Agreed. Welcome to MLS!


----------



## elruddick (Jun 19, 2009)

I know of no easily accessable photographs except for the Yahoo! Group ZoCal which requires registration. Here are a couple of lnks to videos of the layout. 
Lindley


----------



## elruddick (Jun 19, 2009)

Way to go dummy - ya' forgot the links! 
Try again! 

http://www.vimeo.com/5153528 

http://www.vimeo.com/5187877


----------



## John J (Dec 29, 2007)

I also was amazed at the fellowship amongst the different scales. I borrowed a digital volt meter from one of the layouts to check out a power pack for Dan Hoag of Eagle Wings. 

I knew it would be a great show.....after all Train people are train people. 

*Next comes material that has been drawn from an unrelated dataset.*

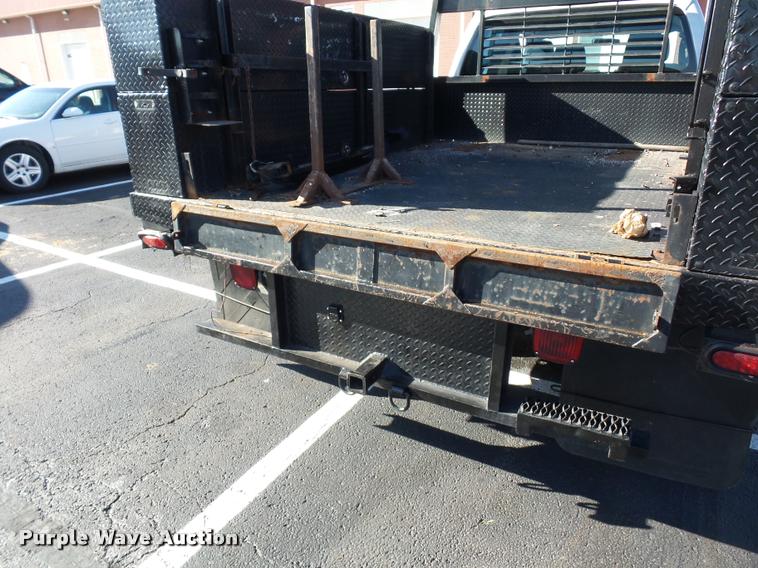 image for item AX9053 2012 Ford F350 Super Duty Crew Cab flatbed pickup truck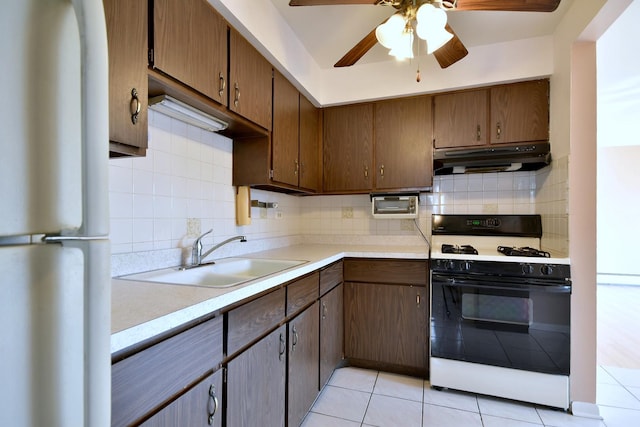 8545 Arnold St Unit 3Se, River Grove, IL 60171 - kitchen with white appliances, a sink, under cabinet range hood, light tile patterned flooring, and ceiling fan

Do come and visit MLS often. Youmay see something you like and all you have to do is make it smaller.









I saw some Ideas on you layout and took pictures. 

It was a great show


----------



## elruddick (Jun 19, 2009)

To John J.
Based on your reputation and now that you have admitted to being close to the ZoCal layout st the BTS, I fully understand why we had some "rear enders" for no apparent reason. Your karma extends to all scales.







LOL!!!
Lindley


----------



## Dwight Ennis (Jan 2, 2008)

Yep! That's our JJ.


----------



## Stan Cedarleaf (Jan 2, 2008)

JJ strikes again....    

I did peruse the layout but kept my hands in my pocket and didn't get near a controller...

Yes, the Z scale layout was fabulous. Great layout, guys.... Great layout.


----------